No it just appeared as one of my registered accounts when online about two days later. This was about 5-6 weeks ago so maybe it had just started or something when I did it. 

On another issue with Ulster Bank, has anyone seen the size of the keypad they sent out to access on-line banking. Its the size of a calculator! I travle quiet alot and now have to carry cards for Ulster, NIB and Rabo if I want to manage my accounts. I will be charged excess baggage soon.


----------



## GeneralZod (24 Oct 2007)

I have one. Set it up during the recent run on NR. Despite the rate not being the very best (4.07% - equivalent to a FA eSavings above €15k) it's proving very convenient since I also have a UB current account. Transfers are instantaneous to and from it to the current account. The account lets you schedule payments out so I've started paying bills from it a few days before they become due so that I can get interest for a few days more.


----------



## NavanMan1 (1 Nov 2007)

Just an update on my application, its now three weeks since I applied online for a eSavings account and no sign of it appearing when I log onto UB Anytime. 
When I phoned up to query the delay, the excuses I get were that the post between Dublin & Belfast is slow, then I was told that a few people in the Dept that deals with these applications are out with the flu, when I phone up again tomorrow, expect to hear that the dog has eat the application !!!!!!

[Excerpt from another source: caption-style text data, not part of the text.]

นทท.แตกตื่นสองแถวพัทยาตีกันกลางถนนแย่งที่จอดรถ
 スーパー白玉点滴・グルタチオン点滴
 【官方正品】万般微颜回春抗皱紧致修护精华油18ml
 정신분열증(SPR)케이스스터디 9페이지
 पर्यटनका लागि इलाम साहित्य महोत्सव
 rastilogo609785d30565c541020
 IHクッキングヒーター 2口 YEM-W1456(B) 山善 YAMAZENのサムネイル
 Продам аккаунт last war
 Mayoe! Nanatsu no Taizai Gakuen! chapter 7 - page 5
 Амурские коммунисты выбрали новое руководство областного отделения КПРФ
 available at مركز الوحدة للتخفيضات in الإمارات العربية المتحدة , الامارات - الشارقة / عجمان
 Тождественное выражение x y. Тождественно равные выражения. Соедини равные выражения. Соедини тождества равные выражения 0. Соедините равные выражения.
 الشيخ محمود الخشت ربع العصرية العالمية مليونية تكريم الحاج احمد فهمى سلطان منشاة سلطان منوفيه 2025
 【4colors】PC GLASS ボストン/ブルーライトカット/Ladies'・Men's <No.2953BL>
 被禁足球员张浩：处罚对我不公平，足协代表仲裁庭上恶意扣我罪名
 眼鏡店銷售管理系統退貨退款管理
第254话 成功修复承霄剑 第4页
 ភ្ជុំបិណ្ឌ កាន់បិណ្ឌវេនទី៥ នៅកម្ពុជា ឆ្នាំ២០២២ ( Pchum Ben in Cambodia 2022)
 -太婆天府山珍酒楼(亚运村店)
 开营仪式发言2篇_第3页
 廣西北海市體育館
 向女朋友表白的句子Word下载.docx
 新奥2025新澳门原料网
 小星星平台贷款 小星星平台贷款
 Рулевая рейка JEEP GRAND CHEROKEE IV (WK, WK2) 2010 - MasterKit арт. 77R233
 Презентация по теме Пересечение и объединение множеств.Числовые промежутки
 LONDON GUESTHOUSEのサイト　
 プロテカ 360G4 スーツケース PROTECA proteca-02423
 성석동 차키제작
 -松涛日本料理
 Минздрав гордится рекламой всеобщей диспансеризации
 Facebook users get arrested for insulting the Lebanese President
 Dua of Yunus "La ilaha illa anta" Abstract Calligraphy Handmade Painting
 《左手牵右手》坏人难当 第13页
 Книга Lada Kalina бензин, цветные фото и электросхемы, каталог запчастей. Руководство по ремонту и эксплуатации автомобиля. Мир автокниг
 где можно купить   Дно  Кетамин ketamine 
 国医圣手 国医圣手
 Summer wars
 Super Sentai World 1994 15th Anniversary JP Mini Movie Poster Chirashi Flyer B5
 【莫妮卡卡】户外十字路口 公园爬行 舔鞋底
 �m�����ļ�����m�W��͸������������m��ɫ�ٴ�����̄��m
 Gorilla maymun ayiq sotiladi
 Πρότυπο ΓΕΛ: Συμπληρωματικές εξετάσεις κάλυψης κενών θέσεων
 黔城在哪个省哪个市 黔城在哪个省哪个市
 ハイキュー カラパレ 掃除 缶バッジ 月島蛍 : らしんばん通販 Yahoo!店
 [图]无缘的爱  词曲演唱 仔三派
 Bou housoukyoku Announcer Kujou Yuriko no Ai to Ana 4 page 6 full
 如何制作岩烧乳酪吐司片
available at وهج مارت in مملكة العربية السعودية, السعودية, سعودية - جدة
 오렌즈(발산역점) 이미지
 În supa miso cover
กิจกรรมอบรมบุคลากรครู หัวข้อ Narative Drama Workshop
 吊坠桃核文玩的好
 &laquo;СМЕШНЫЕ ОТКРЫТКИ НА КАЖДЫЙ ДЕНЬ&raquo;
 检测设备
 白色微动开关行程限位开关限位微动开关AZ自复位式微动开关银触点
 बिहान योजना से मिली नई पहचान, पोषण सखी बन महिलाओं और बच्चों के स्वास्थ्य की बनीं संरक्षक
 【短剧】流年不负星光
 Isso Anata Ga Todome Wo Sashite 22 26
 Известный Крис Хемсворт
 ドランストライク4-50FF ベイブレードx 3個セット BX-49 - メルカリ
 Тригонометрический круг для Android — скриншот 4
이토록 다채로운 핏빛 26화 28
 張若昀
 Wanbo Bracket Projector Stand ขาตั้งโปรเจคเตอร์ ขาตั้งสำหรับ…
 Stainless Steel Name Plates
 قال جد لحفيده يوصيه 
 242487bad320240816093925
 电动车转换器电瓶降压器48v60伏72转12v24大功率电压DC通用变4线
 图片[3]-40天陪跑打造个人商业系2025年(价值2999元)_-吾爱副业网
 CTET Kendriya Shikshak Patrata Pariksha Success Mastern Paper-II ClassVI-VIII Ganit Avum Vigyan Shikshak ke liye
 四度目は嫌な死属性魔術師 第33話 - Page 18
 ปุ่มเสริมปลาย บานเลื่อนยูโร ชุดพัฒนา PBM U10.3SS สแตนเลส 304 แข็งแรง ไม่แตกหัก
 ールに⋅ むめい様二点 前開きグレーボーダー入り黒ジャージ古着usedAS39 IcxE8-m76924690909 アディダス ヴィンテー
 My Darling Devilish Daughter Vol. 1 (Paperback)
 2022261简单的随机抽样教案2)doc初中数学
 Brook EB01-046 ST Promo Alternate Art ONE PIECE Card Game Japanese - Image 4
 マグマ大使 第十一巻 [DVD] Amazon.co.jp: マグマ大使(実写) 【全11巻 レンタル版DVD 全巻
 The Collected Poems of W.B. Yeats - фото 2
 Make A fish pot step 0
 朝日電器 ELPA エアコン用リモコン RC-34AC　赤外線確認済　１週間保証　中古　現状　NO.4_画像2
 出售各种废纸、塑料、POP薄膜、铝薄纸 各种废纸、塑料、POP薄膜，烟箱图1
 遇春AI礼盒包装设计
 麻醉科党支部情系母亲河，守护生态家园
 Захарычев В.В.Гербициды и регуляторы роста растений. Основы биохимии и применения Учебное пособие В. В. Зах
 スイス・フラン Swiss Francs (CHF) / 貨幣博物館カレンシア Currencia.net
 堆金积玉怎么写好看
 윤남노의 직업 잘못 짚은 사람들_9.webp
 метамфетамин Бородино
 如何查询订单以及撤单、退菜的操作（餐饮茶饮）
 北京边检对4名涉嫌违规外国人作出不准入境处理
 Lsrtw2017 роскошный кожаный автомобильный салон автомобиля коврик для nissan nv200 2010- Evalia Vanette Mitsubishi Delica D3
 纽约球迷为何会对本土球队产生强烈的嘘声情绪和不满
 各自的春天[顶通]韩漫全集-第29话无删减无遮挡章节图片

Reminds me of when I applied for my Mortgage of them five years ago. Again delays, forms / paper being lost. At one stage the bank manager told me that the guy dealing with my application was out, apparently a drink problem. When they did issue the cheque, it was for 5K more than what I applied for

So it seems that Ulster Banks Service Levels for customers have not improved over the last five years.

Just as well I am just a personal customer, would hate to think what kind of mess they could create for Business customers


----------



## dfg75 (1 Nov 2007)

I am still waiting for mine to open as well, now two weeks on . . . 
I received a form to fill in in the post last Thursday which I posted on Friday -- but still no sign of it online . . .


----------



## GeneralZod (1 Nov 2007)

It sounds like the same story as with the First Active eSavings account. If you're an existing on-line customer it's easy and quick otherwise it's slow and inefficient.


----------



## NavanMan1 (2 Nov 2007)

Hi GeneralZod,

I am an existing AnyTime online customer and its still slow & inefficient


----------



## GeneralZod (2 Nov 2007)

Hi NavanMan1,
I'm also an existing anytime customer. I applied on-line, the next day the account appeared in the list and I made a transfer into it. A few days later I got a letter acknowledging account set-up. Zero hazzles.  What's different for you that they're being slow?


----------



## TonyD (2 Nov 2007)

Is the Reward Reserve not a better account.....?


----------



## GeneralZod (2 Nov 2007)

The reward reserve has a minimum balance of €10k. The eSavings one is €1.


----------



## NavanMan1 (6 Nov 2007)

Just an update on my online application for an eSavings Account, just off the phone from them and now they are telling me that they have not received back the signed application form in the post.
So it takes three weeks and four phone calls on my part to find this out. Have now applied again online and await them posting out another eSavings pack to me so that I can sign it and post it back to them.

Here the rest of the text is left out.